### WHAT YOU WILL DO
Pictures aside, repeat every record below exactly.

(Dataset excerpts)
++++++++

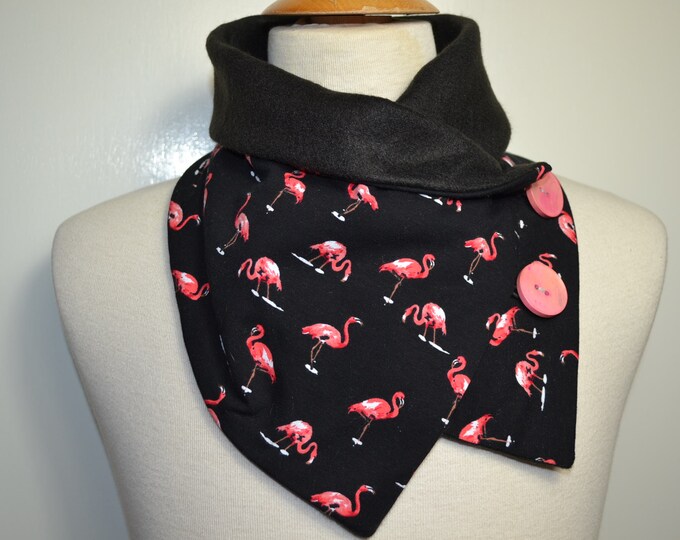 Button loop flamingo, button loops, loops, scarf, cotton jersey and black fleece, flamingo loop, wrap scarf, wrap loop, handmade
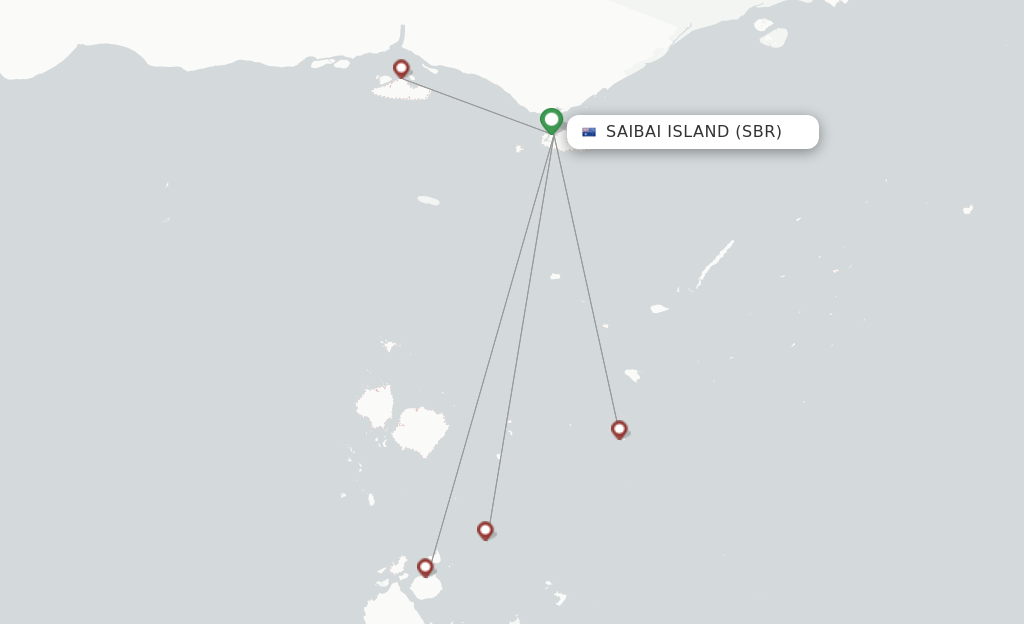 Route map with flights from Saibai Island with Skytrans Airlines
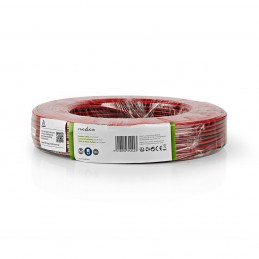 PIATTINA 2X 0.75 MM²  CCA  100.0 M  TONDO  PVC  NERO / ROSSO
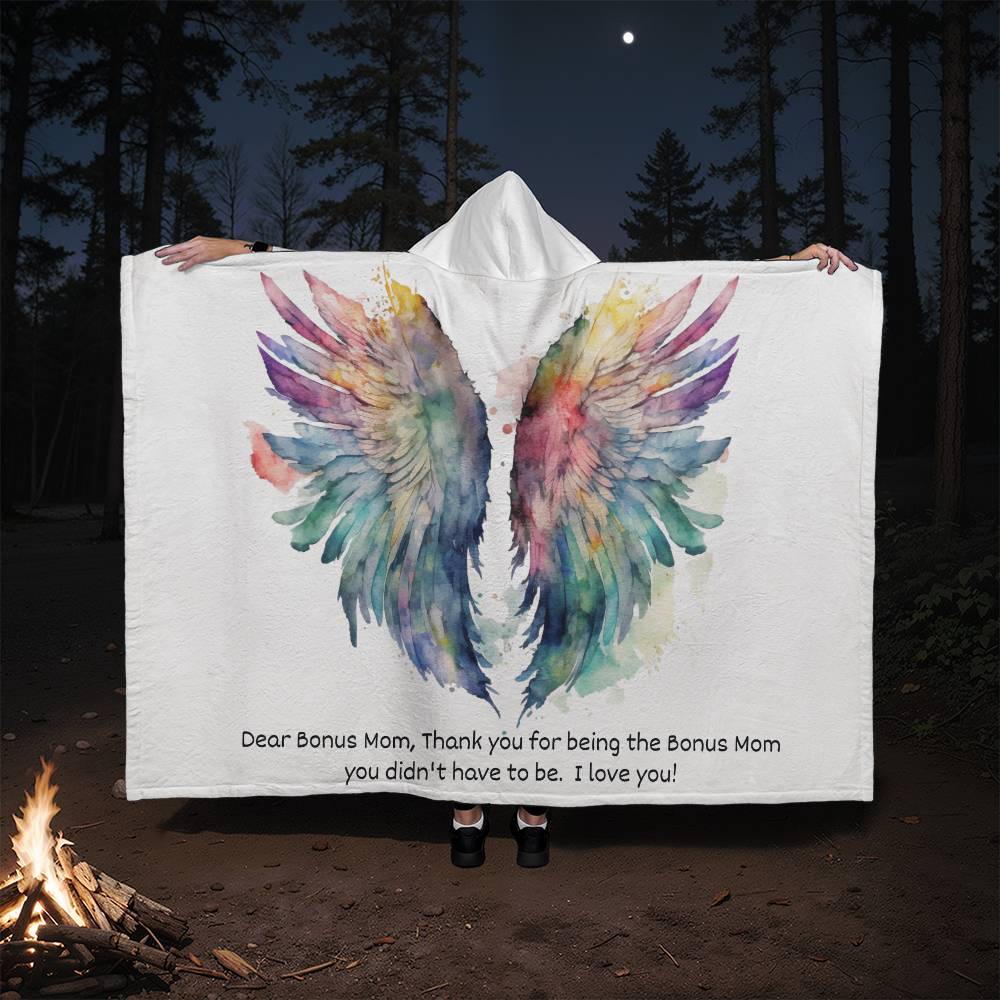 Hooded Blanket | Bonus Mom Angel | Mom Blanket | Thank you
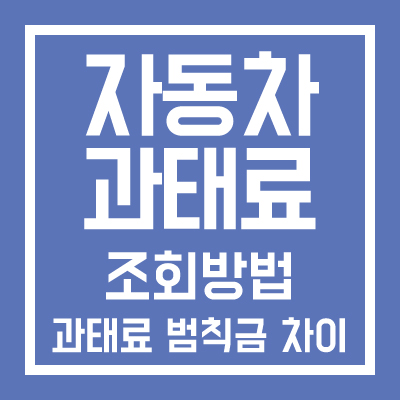 자동차 과태료 조회방법 과태료 범칙금 차이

++++++++

### TASK OUTPUT
 Button loop flamingo, button loops, loops, scarf, cotton jersey and black fleece, flamingo loop, wrap scarf, wrap loop, handmade
 Route map with flights from Saibai Island with Skytrans Airlines
 PIATTINA 2X 0.75 MM²  CCA  100.0 M  TONDO  PVC  NERO / ROSSO
 Hooded Blanket | Bonus Mom Angel | Mom Blanket | Thank you
 자동차 과태료 조회방법 과태료 범칙금 차이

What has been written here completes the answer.